Esta vez tomé más velocidad. En el impulso, me forcé a recordar cada detalle: la postura, la inclinación exacta de mi eje, el ángulo de los brazos. Salté. El giro fue más firme, aunque aún inestable. Logré caer de pie, aunque trastabillé.
—Mejor —dijo Marianne—, pero no es perfecto. De nuevo.
Los minutos se volvieron horas. El reloj avanzaba, pero yo no lo sentía. El cuerpo dolía. Mis muslos ardían, las muñecas se entumecían, y mi respiración se hacía cada vez más pesada. Aun así, lo repetí, y lo repetí.

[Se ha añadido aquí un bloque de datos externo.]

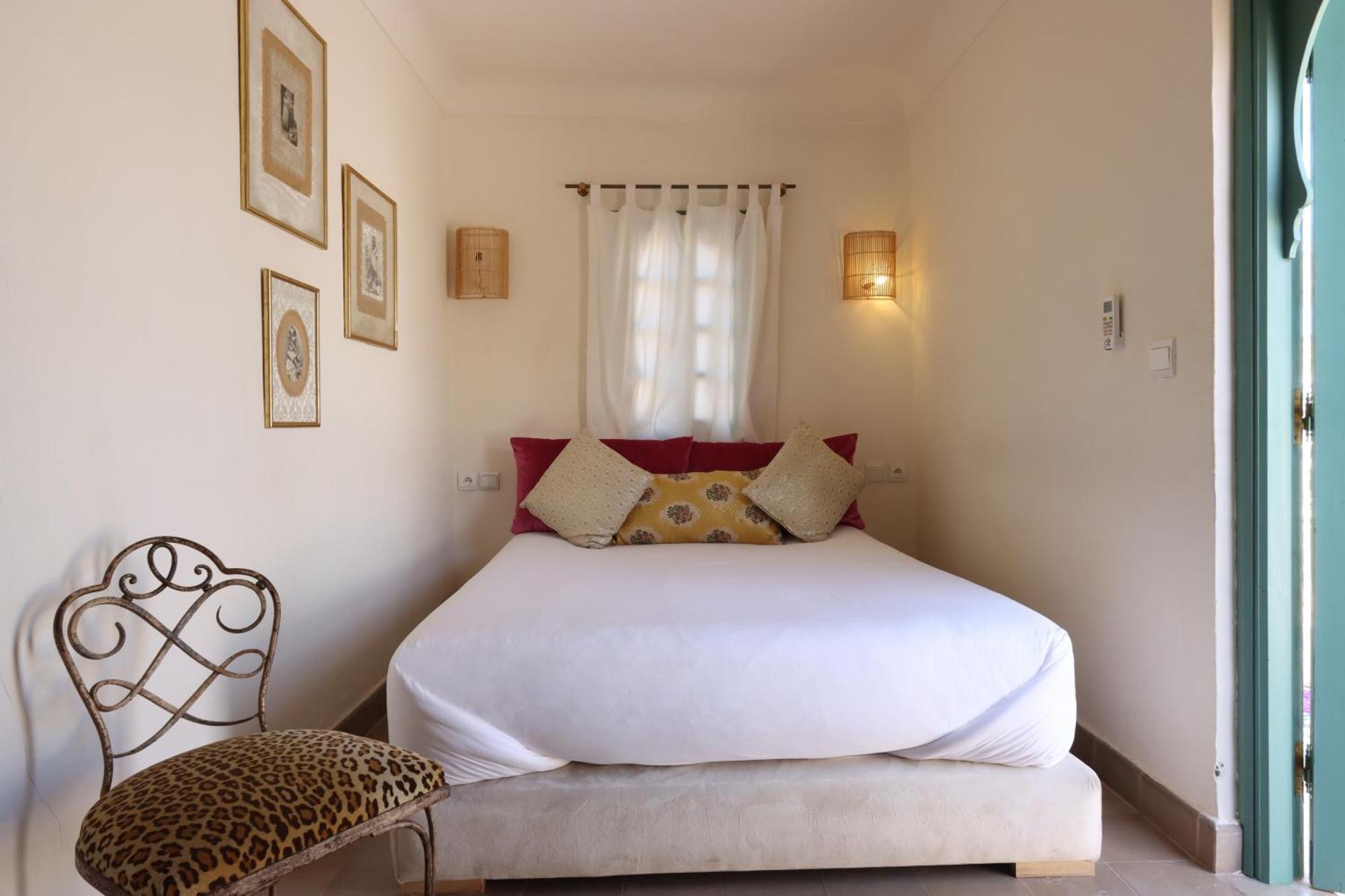 Riad Naanaa Bed & Breakfast Μαρακές Εξωτερικό φωτογραφία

En el cuarto intento, por fin sentí esa fracción de segundo en la que todo se alinea, como si el tiempo se detuviera. Giré en el aire, ligera como un pensamiento. Caí firme, sin perder el equilibrio. El hielo me recibió sin resistencia.
Marianne no aplaudió. No sonreía. Solo asintió.
—Ahora sigue.
Y lo hice.
Repetí toda la rutina desde el primer paso. Mi cuerpo temblaba de agotamiento, pero sabía que estaba más cerca. Cada figura, cada giro, se sentía más pulido que la vez anterior. Me aferraba a esos segundos en los que el hielo no era mi enemigo, sino una extensión de mí.
Cuando terminé la última pirueta y deslicé hacia el centro, el sudor me empapaba la espalda. Caí de rodillas, no por dramatismo, sino porque no podía más.
Marianne se acercó por fin.
—No busco perfección, Sydney. Busco constancia. Esa es la diferencia entre una promesa y una campeona.
Asentí, sin aliento, pero con el corazón latiendo con fuerza. Por mí. Por cada caída que me había enseñado más que una victoria fácil.
Y aunque no lo dijera, lo vi en sus ojos: hoy había avanzado. Y eso bastaba.
***
Odiaba estas cenas. No por la comida ni por el vestido, sino por todo lo que representaban: apariencias, sonrisas ensayadas y conversaciones plagadas de filtros. Todo estaba cuidadosamente diseñado para complacer a los socios de papá.
Me encuentro sentada frente al espejo mientras mi madre me coloca unos pendientes de perlas.
—No hagas esa cara, Sydney. Es solo una cena.
—Una cena con gente que no conozco, fingiendo que soy parte de un mundo al que nunca quise pertenecer —murmuro.
Mi madre solo suspira, ya acostumbrada a mis quejas inútiles.
Llevo un vestido largo, negro, con un escote discreto en la espalda y tirantes finos. El maquillaje resalta mis ojos y mis labios están pintados en un tono suave. Elegante, pulida, perfecta. Como debo ser. Como esperan de mí.
Bajo por las escaleras cuando el chofer anuncia que los invitados ya han llegado. La casa está iluminada como si fuera Navidad, el comedor decorado con flores blancas, vajilla de porcelana y cubiertos de plata. Papá saluda a un hombre alto, de cabello castaño y sonrisa ensayada.
—Sydney —me llama—, ven a saludar al señor Jeroff. Es nuestro nuevo socio.
Me acerco con mi mejor sonrisa diplomática.
—Un placer, señor Jeroff.
—El placer es mío. Tu padre siempre habla maravillas de ti. Aprovecho para presentarte a mi hijo, Rider. Acaba de llegar a la ciudad.
Me giro… y lo veo.
Tiene el cabello oscuro, revuelto de forma descuidada pero intencional. Sus ojos verdes son como una tormenta de hielo, y su postura mezcla arrogancia y relajación, propia de alguien con demasiada confianza. Lleva un traje, sí, pero con la corbata floja y el primer botón de la camisa abierto.
—¿Sydney, cierto? —dice con una sonrisa ladeada—. Tú eres la patinadora. La que gira y gira como si el mundo no la afectara.
—Y tú debes ser el tipo que golpea un disco porque no sabe hablar con la gente —repliqué, sin perder la sonrisa.
Papá me mira de reojo. Mamá disimula una risita. El señor Jeroff suelta una carcajada.